Steve MacFeely presented groundbreaking UNCTAD report, the first to show how progress toward attaining the SDGs can be measured.

Steve MacFeely, Head of the Statistics and Information Branch of UNCTAD, presented a groundbreaking statistical report at UNCTAD 14 which, perhaps for the first time, tries to show how progress toward attaining the Sustainable Development Goals can be measured.

After all, if the 17 Goals can't be measured, how will the world know if we have met them?

Q: Tell us about this report?

A: This is the first United Nations report on the measurement of the Sustainable Development Goals. It's a fully online report, and it covers all the Goals and a selection of the targets [under each Goal] that are relevant to UNCTAD.

It's probably the first of its kind in that not only do we provide analysis and infographics, we've also set up a system whereby the readers can download all of the data we use. So it is very transparent, so even if the reader doesn't like our analysis, they can still use the data.

Q: Who is that reader? Who would use this report?

A: We hope a lot of people will use it because to achieve the Sustainable Development Goals, governments have to work with international organizations, with NGOs, and large investment partners. Major decision-makers, private and public, will find something really interesting in the report.

Q: In the report you measure things like "prosperity" but also more abstract notions like "peace". How did you do this?

A: Prosperity is probably the easiest to measure -- it is based on well-established economic and statistical concepts. A lot of the measures are things like GDP, GDP to debt ratios, GDP per capita, employment, unemployment; these are well-understood concepts. But measuring something like peace or partnerships is a much more difficult thing to do.

The approach that we took for peace was almost to invert it and measure the absence of peace. So we looked at the number of refugees, the growth in refugees, the growth in displaced persons.

We also looked at the trade angle so we looked at the trade in small arms, how many arms have been traded, who is trading them, and the we looked at how transparent are those countries about their trade. For example, if you look at the transparency index, you can see that Germany is quite transparent about who it trades arms with and why. Other countries, for example in the Middle East, are much less transparent.

To measure partnerships was very challenging because you are dealing with things like policy coherence and "policy space" -- it was very hard to put numbers on those. In the report we tried to find metrics that would at least allow the reader to understand why it is important.

Q: What is UNCTAD's advantage in this work?

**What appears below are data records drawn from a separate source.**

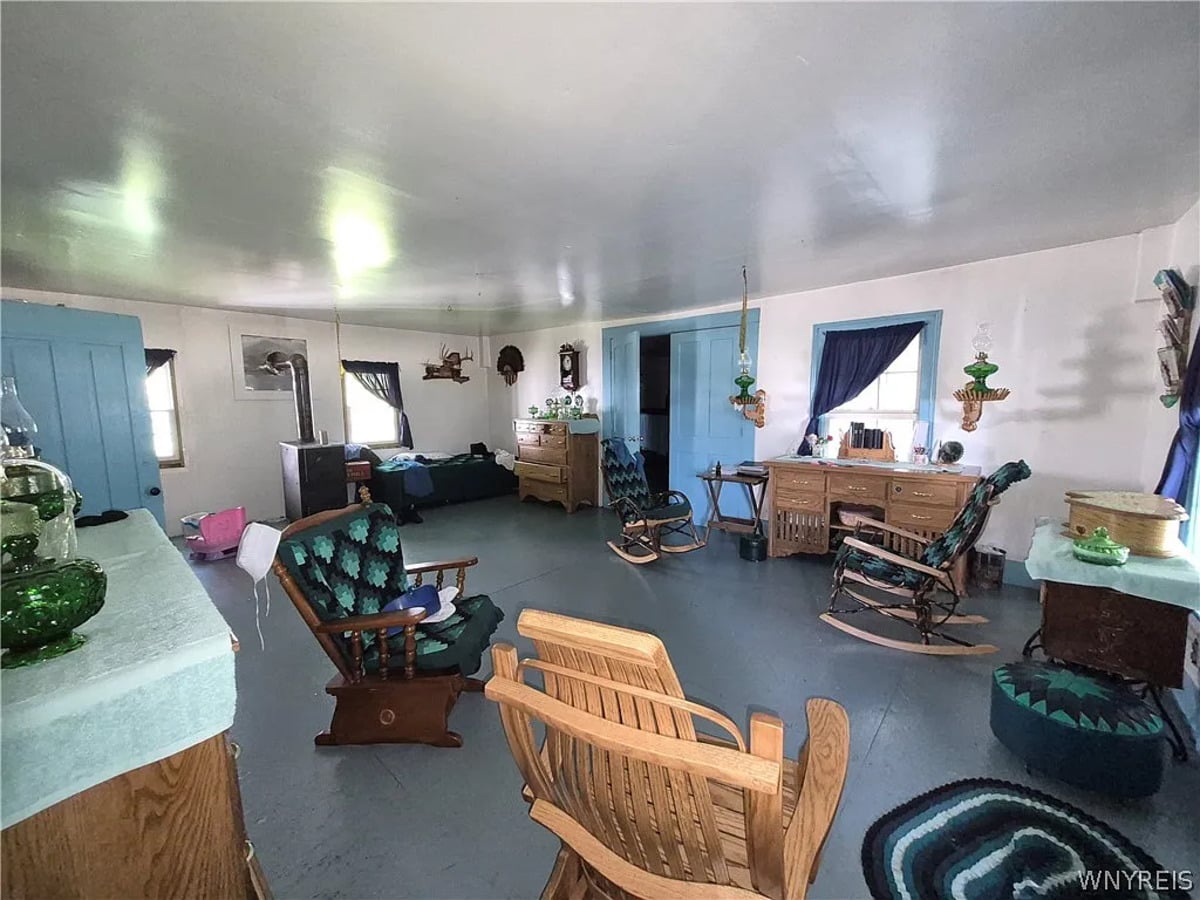 Hickory rocking chairs with quilted cushions and an oak desk in an Amish front room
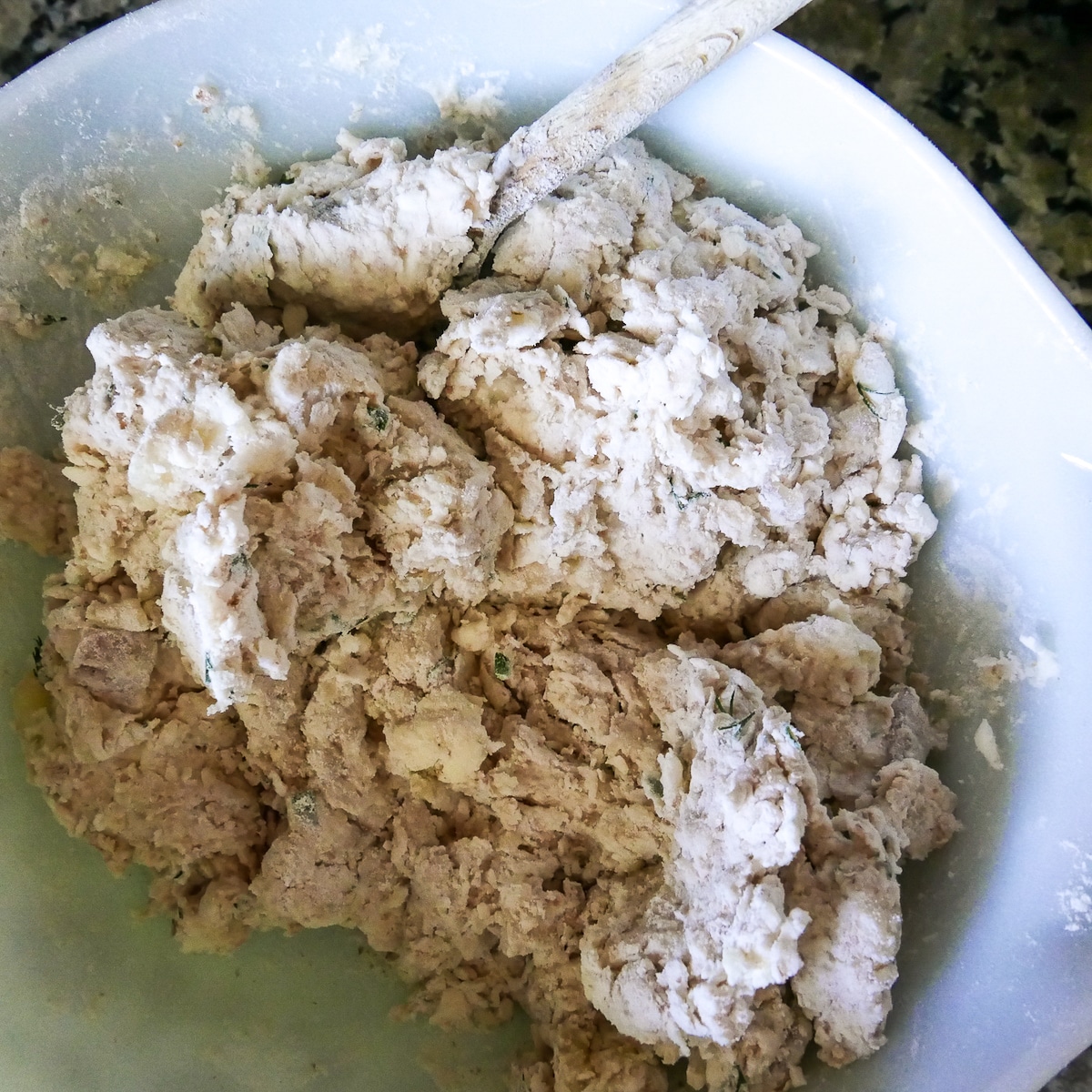 biscuit dough being mixed with a wooden spoon.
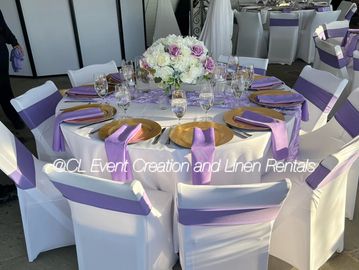 Elegant round table set for an event with purple and white decor.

A: We have a number. Firstly, we have a very good statistical branch, and UNCTAD has a long history of policy analysis, and often quite daring policy analysis. So we think we have pushed the statistics as far as we could.

On top of that, as far as we could, we tried to look at angles like Least Developed Countries, landlocked developing countries, small island developing states, which are often overlooked in the broader SDG story.

Where we could, we tried to reconfigure the data into UNCTAD regions, into UNCTAD groups to give it a more balanced approach. This means developing countries will find what we have to say very, very interesting, not just developed countries.